Nun, ich möchte kein Märchen schreiben und freue mich auf deine Erzählungen! 🙂
Viele Grüsse Tina
Hi Roland;
also da gehört nicht nur Neugier sondern auch eine Portion Mut dazu. Vieles aufzugeben, sogar den Arbeitsplatz, um einen Traum zu verwirklichen das würden nicht viele Menschen machen.
Wenn ich das alles so lese, bewundere ich Dich zu dieser Lebenseinstellung.
Ich hoffe alles oder vieles wird so wie Du es Dir vorstellst, obwohl auf so einem Trip ist vieles nicht planbar.

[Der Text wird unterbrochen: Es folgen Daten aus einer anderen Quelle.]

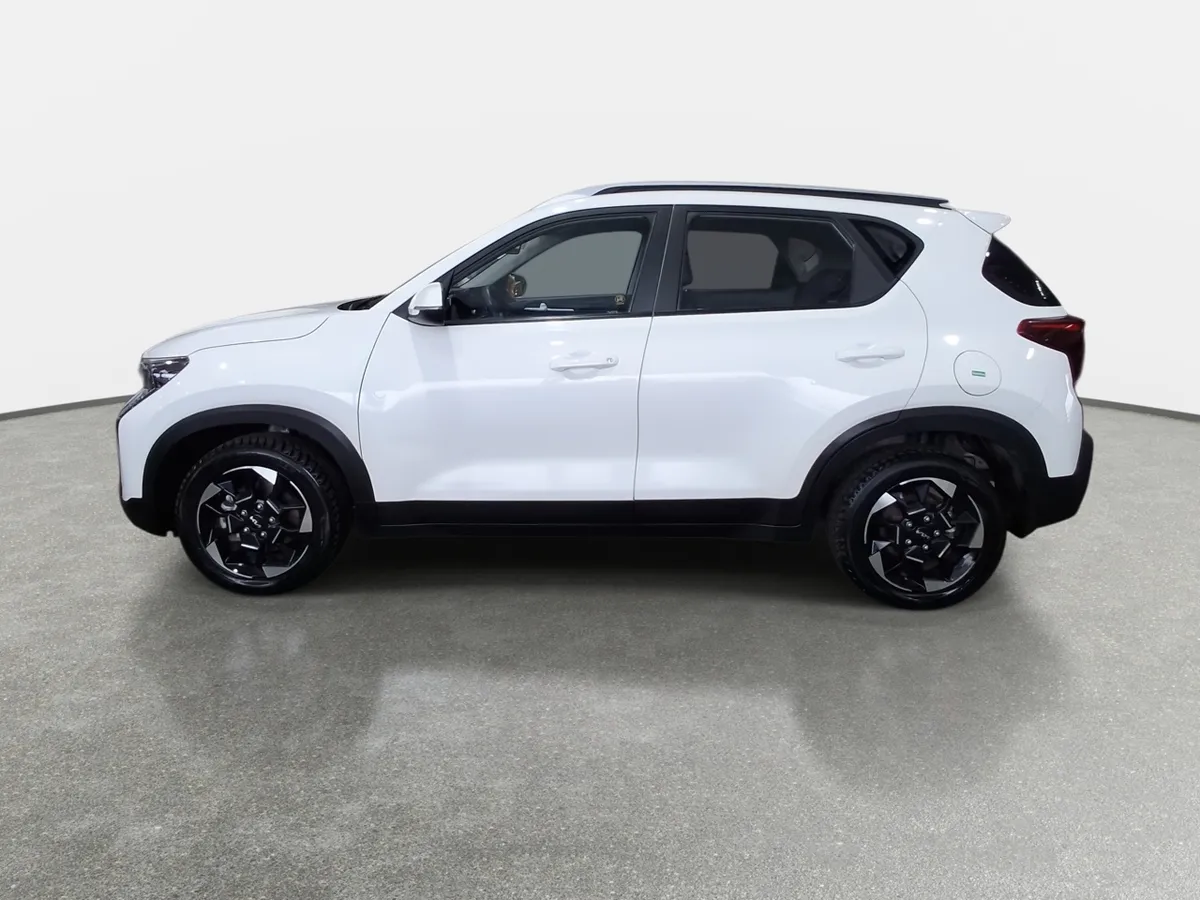 Kia Sonet 1.5 Ex 4x2 Ivt Ri At 5p año 2025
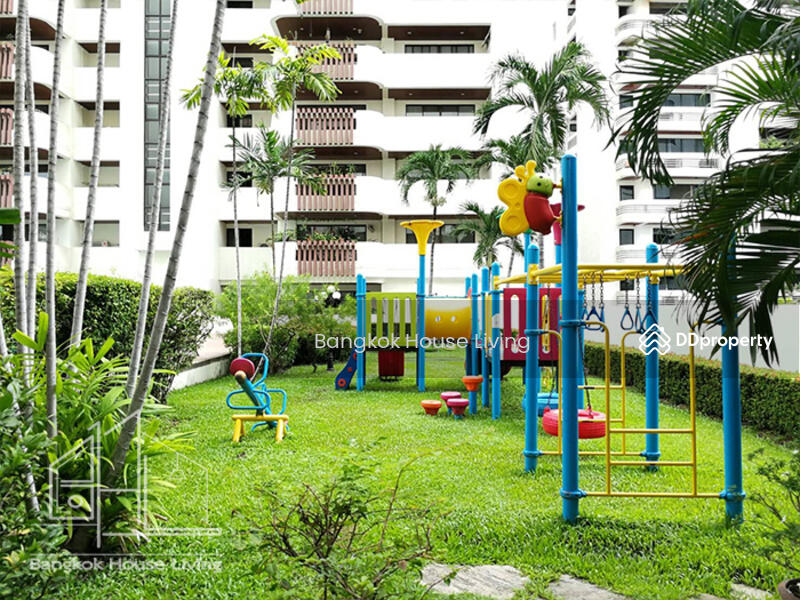 For Rent - Hawaii Tower, Bangkok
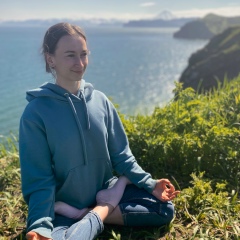 Елена Черникова, 23.06.1991, Москва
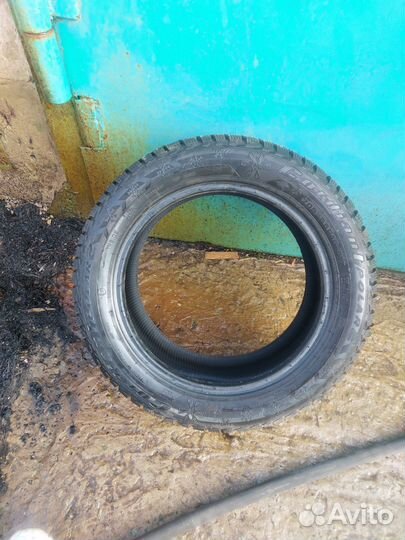 Cordiant Polar 2 205/55 R16 91T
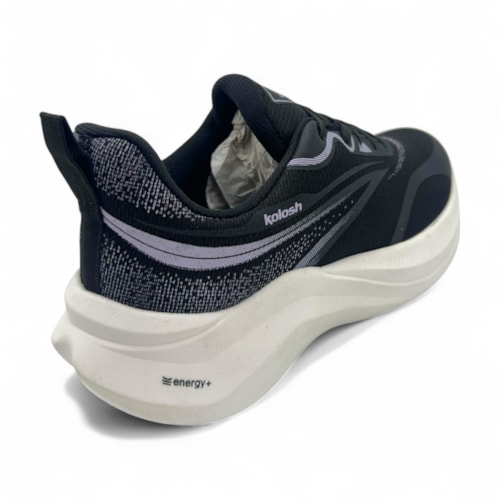 Tênis Esportivo Kolosh Feminino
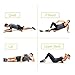 TriggerPoint Grid Vibe Vibrating Foam Roller for Pain Relief, Relaxation, and Recovery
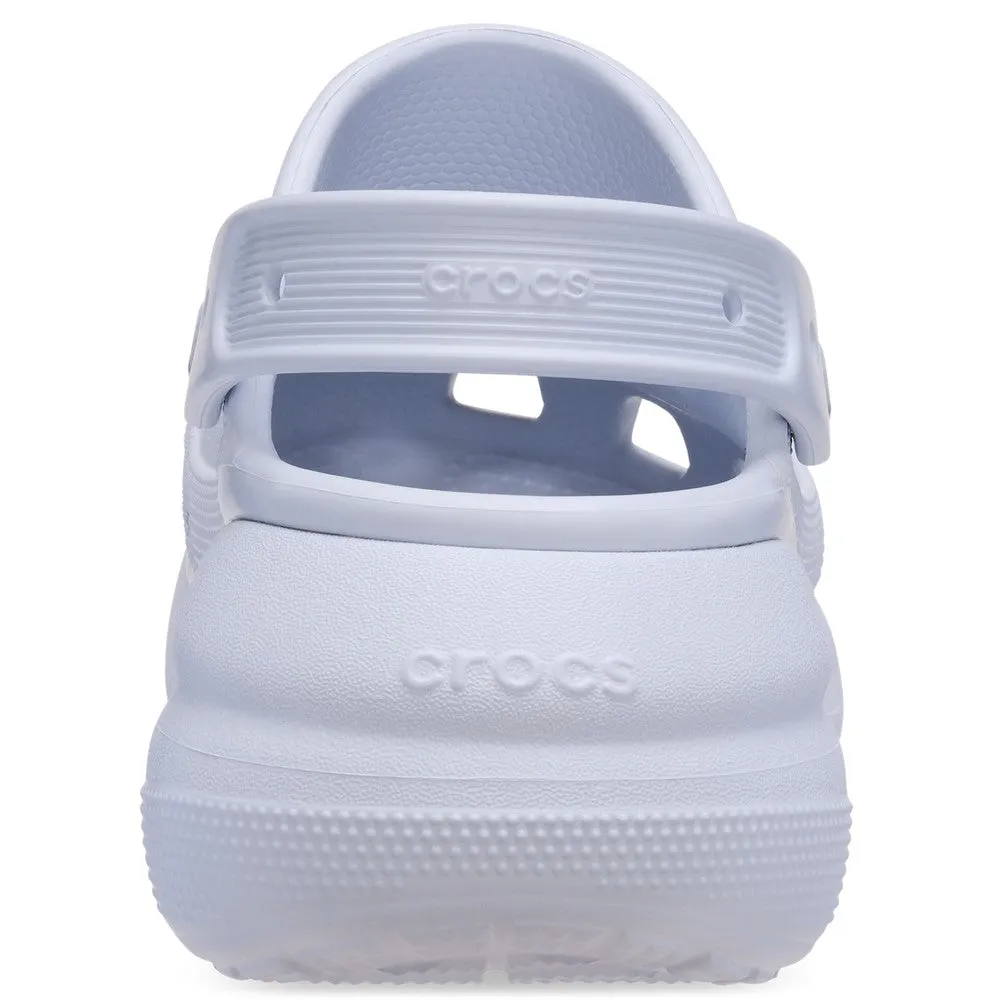 Canvas Shoes Crocs Unisex Classic Crush Clog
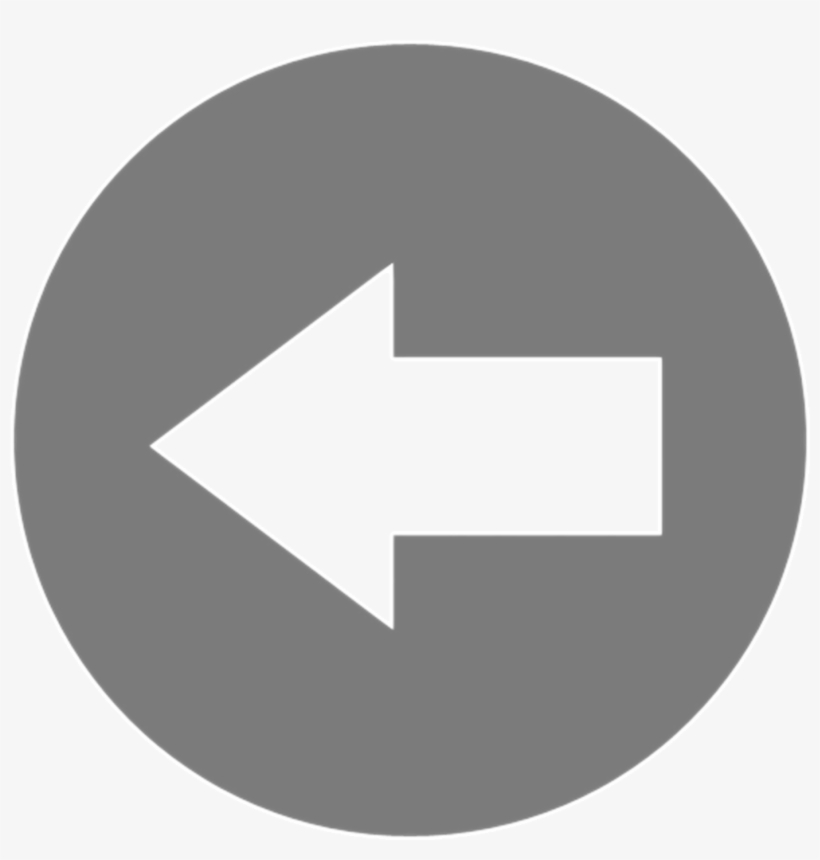 Backarrow, transparent png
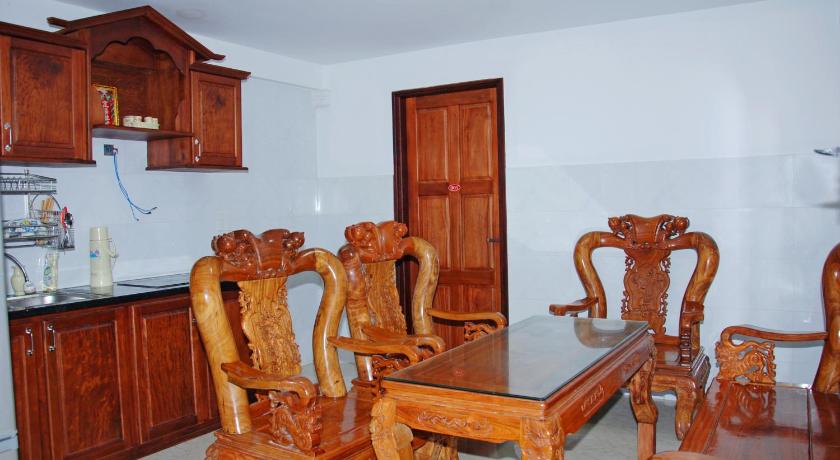 5H homestay photo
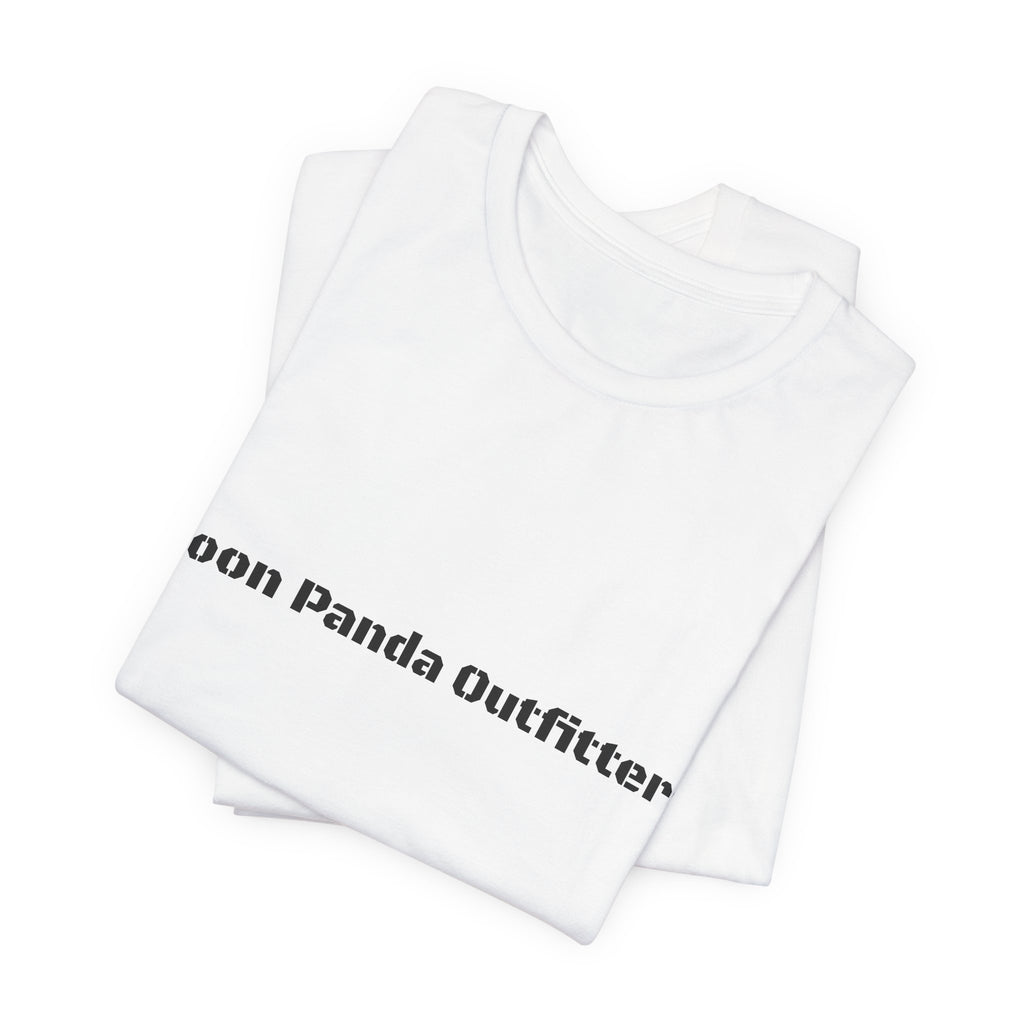 Gamer Holiday Panda Tee | gamer shirt, LAN party merch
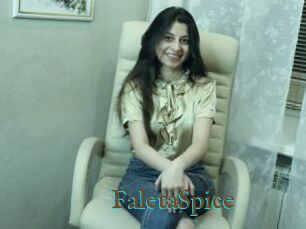 FaletaSpice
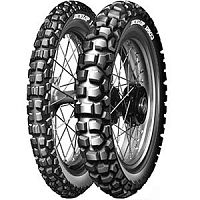 фото Мотошина Dunlop D603 R18 4.60/ 63 P TT Задняя (Rear) TT  227887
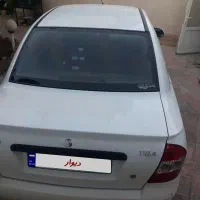 تیبا ۱ مدل ۹۶ کاملا بی رنگ|خودرو سواری و وانت|فردیس, فردیس|دیوار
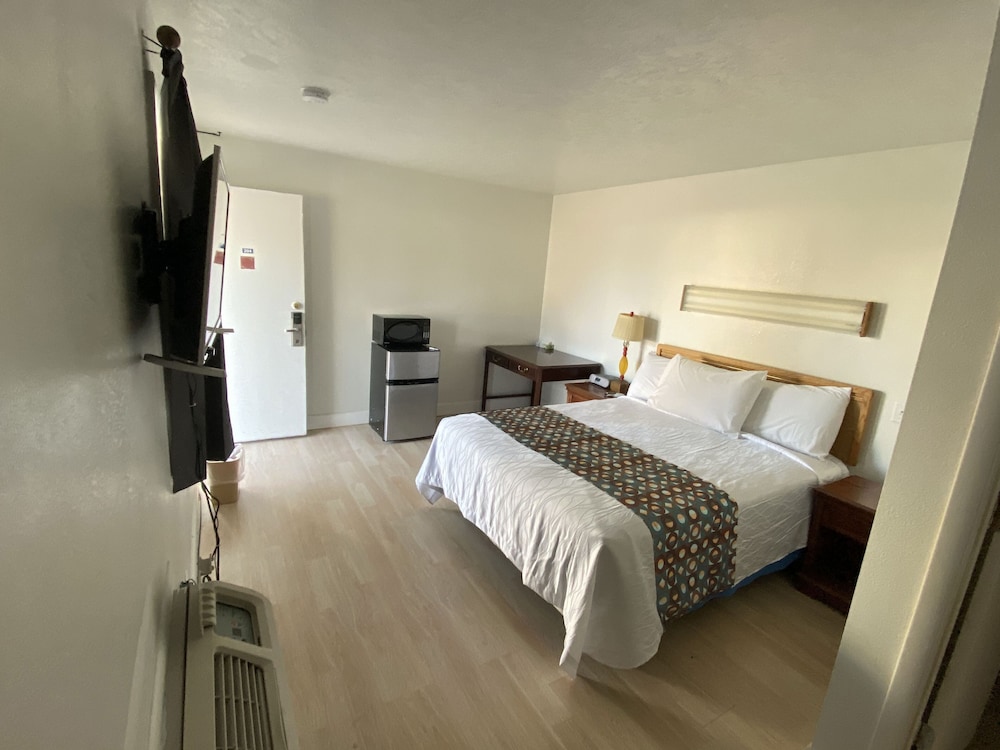 McDermitt Gas Grill and Motel Deals & Reviews (McDermitt, USA) Wotif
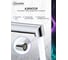 Смеситель для раковины Lemark Minima LM3806C 6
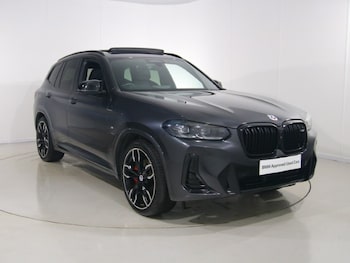 Used BMW X3 2023 for sale - 78105832: Photo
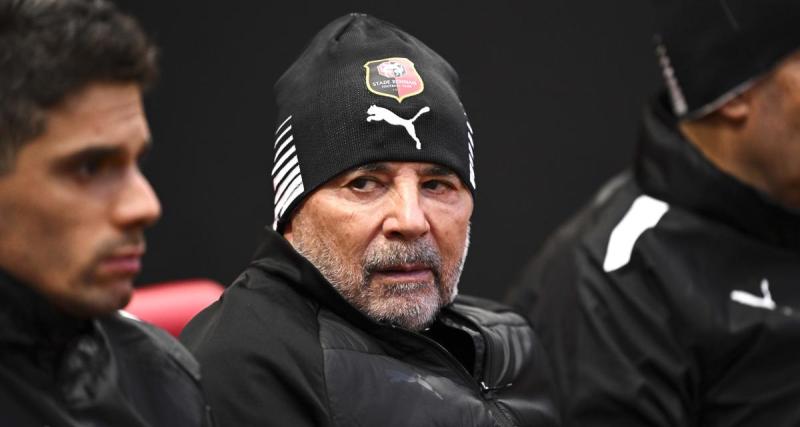  - OGC Nice - Rennes : les compos officielles !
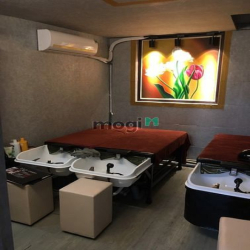 Chính chủ cho thuê mặt bằng - sang nhượng Salon cắt tóc gội đầu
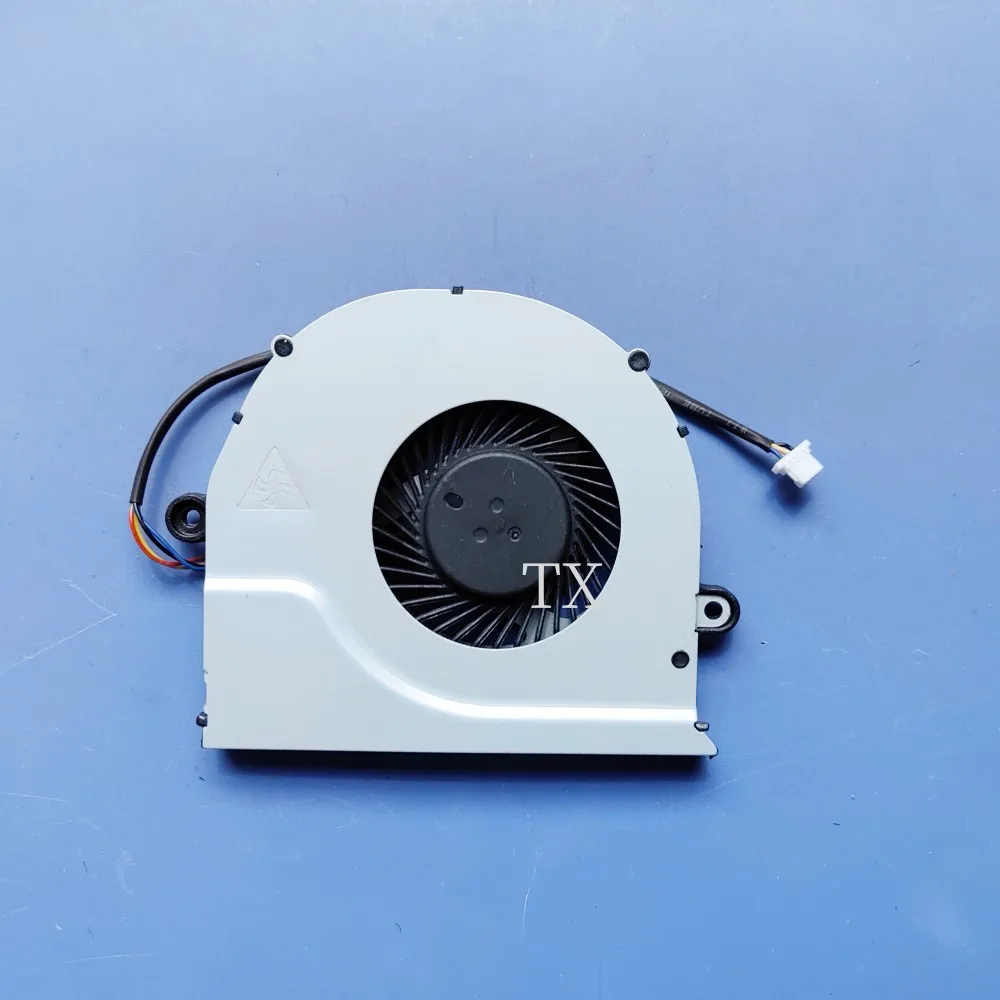 suit for  FX63V FZ63VD FX63VD FX63VD7300 GL503VD 12V  CPU FAN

Ich werde Dein Tagebuch, mit Spannung, verfolgen und wünsche Dir alles Gute.
LG
Harald
Roland, eine wunderschöne Art zu schreiben!
Ich bin gespannt was noch so alles in deinen Kopf vorgeht und hoffe, dass deine Erwartungen erfüllt werden. Lass uns wissen, wenn du Momente erlebst, in denen du dich selber überraschst und besser kennenlernst.
Liebe Grüsse aus Santiago, wir warten hier schon auf dich! Komm aber geduscht^^
Hallo Roland!
Jetzt wo ich deine Hintergründe gelesen habe ,verstehe ich deinen Wunsch zu dieser Reise u. wünsche dir alles alles Gute und „lebe deinen Traum“ !
Komm gesund wieder !!
Deine Tante
Du sprichst mir aus der Seele!
Genau das sind auch unsere Beweggründe. Bei uns geht es leider erst Anfang 2012 los, werden aber gespannt deinen Blog verfolgen!
Gruß,
weltentdecker
Hallo Roland,
ich kann mich den bisherigen Kommentaren nur anschließen. Es ist wunderschön die Welt zu entdecken und es ist mit Sicherheit JETZT der richtige Zeitpunkt. Muss es wiederholen, weil es so ist: Lebe deinen Traum!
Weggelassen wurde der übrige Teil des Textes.